Yesterday, July 19, was former Democratic senator and presidential candidate George McGovern’s 90th birthday.
I thought of McGovern recently because I was trying to pin down when I first started hating America. I’ve been a little tired of all these Osama and Anwar al-come-lately’s and the glory they get for hating America when many of us have toiled unpaid and unknown hating America for decades. The way I see it is these are foreign terrorists taking what ought to be American jobs. (To be fair, Anwar al-Awlaki wasn’t a foreigner, he was an American citizen, just like his 16 year- old son, Abdulrahman, and Obama killed both of them in separate drone strikes.)
Also bolstering my America-hating street cred: Osama bin Laden and Anwar al-Awlaki both initially collaborated with the US government which I’ve never done. (Bin Laden worked with the CIA in the 1980s to drive out the Russians from Afghanistan. In 2002 al-Awlaki was invited by congressional staffers to be the first imam to conduct a prayer service at the US Capitol to “improve relations” between Muslims and the American government that’s murdering them like there’s no tomorrow.) Boogeymen though they became, bin Laden and al-Awlaki strangely imagined that the American government would not double cross them (leaving American troops in Muslim holy lands, starting brand new wars in the Middle East, etc.) No one from the coal mining desecrated hills in West Virginia to the racist police state along the Mexican border or the stop-and-frisk streets of NYC would make such a mistake about the US government.
I’d like to report that I was hip enough to hate America when I was still in the womb — that I could immediately sense America’s malevolent vibrations — but, hard head that I am, it actually took 16 years. (Although I was said to be a “terror,” I grew up when even the scuzziest American president didn’t drop bombs on 16 year-old American kids.)
Here’s how it happened: My mother and I stuffed envelopes for George McGovern’s 1972 presidential campaign and we were very happy we had such a good man to support. I was too young to vote but I was looking forward to being on the winning team. It would be unthinkable that the American people would choose the corrupt, racist, warmonger Nixon over McGovern, who was a World War II war hero running on a platform of ending the Vietnam War. For the country to choose Nixon would mean that something was deeply wrong with the American people.
Triple dog duh!
McGovern got landslided in 1972 and the American working class has been landsliding the world ever since in proud ignorance, cowardly violence and infinite obedience. So I say, contra Carl Sandberg: the people, no, hail no, for god sakes, no. I know as a Marxist I’m supposed to promote working class solidarity but I’m never really feeling the love. The union guys I work with don’t know anything about May Day, Big Bill Haywood or surplus value but they’re idiot savants when it comes to fantasy football, Philly strip clubs and the most Eden-like places to blow away defenseless animals.
People are always making excuses for the American working class, echoing Jimmy Carter’s maggot-gagging line about America deserving “a government as good as its people.” I say America is the same old racist genocider it started out as, it just goes into hibernation for awhile, dormant like a retrovirus.
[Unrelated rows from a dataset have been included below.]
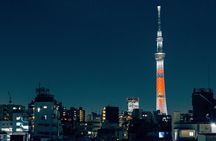Tokyo Private Tour GREEN NUMBER PLATES
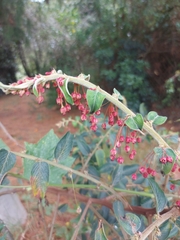 Phyllanthus salviifolius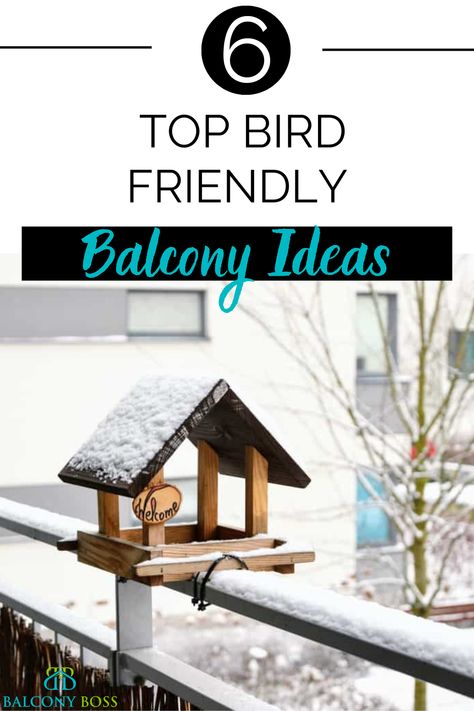 Love birds and want to attract more to your outdoor space? Creating a bird friendly balcony is much easier than you might think. In this post, we cover some of the best bird friendly balcony ideas, which you can use to develop your own paradise for local wildlife. Urban, Outdoor, Diy, Ideas, Gardening, Bird Feeders, Deck Shade, Bird House, Bird Houses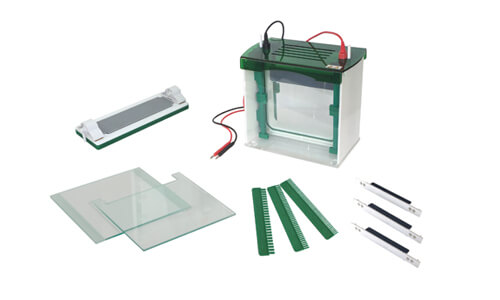 Sector Adaptations for the YR03431 Rapid Vertical Electrophoresis Tank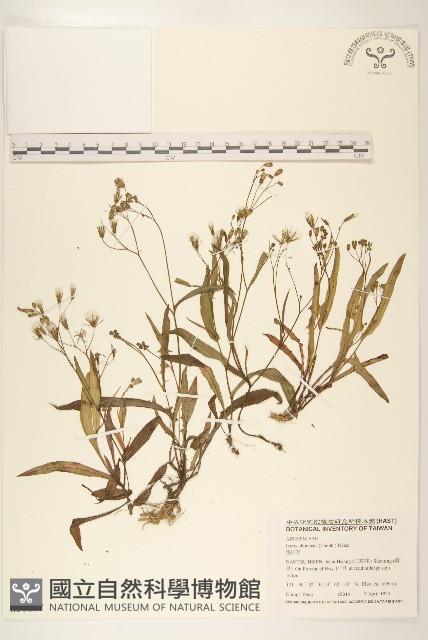 兔仔菜藏品圖，第1張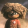 avatar of R5FO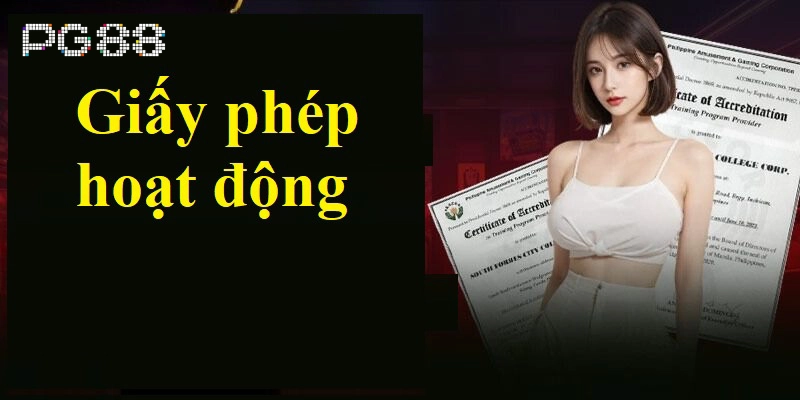 Giấy phép kinh doanh Vai trò quan trọng giấy phép kinh doanh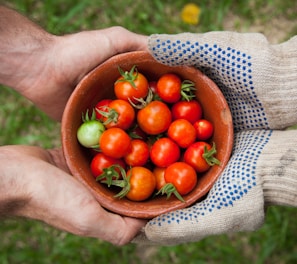 bowl of tomatoes served on person hand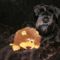 black-miniature-schnauzer-posing-with-a-soft-toy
Genocide and stealing from people of color was kind of like our first love — we never got over it and we’re always trying to replicate it. If America wasn’t the same old racist genocider, we would have made reparations to indigenous peoples, black Americans, the several million we killed during the Vietnam War and the million Iraqis killed in our latest rampage. The problem is that America never gets corrected, there’s never enough Geronimos, John Browns or Ho Chi Minhs to go around.
I’d like to see what happens when the American working class gets pushed to the wall, that revolutionary crisis when we’re impelled to rebel, the tipping point when the price of a gallon of gas gets higher than a pack of Marlboros. Will we turn to reaction and lay waste to the nearest defenseless minority or will we unite in solidarity and lay waste to the capitalist tapeworms?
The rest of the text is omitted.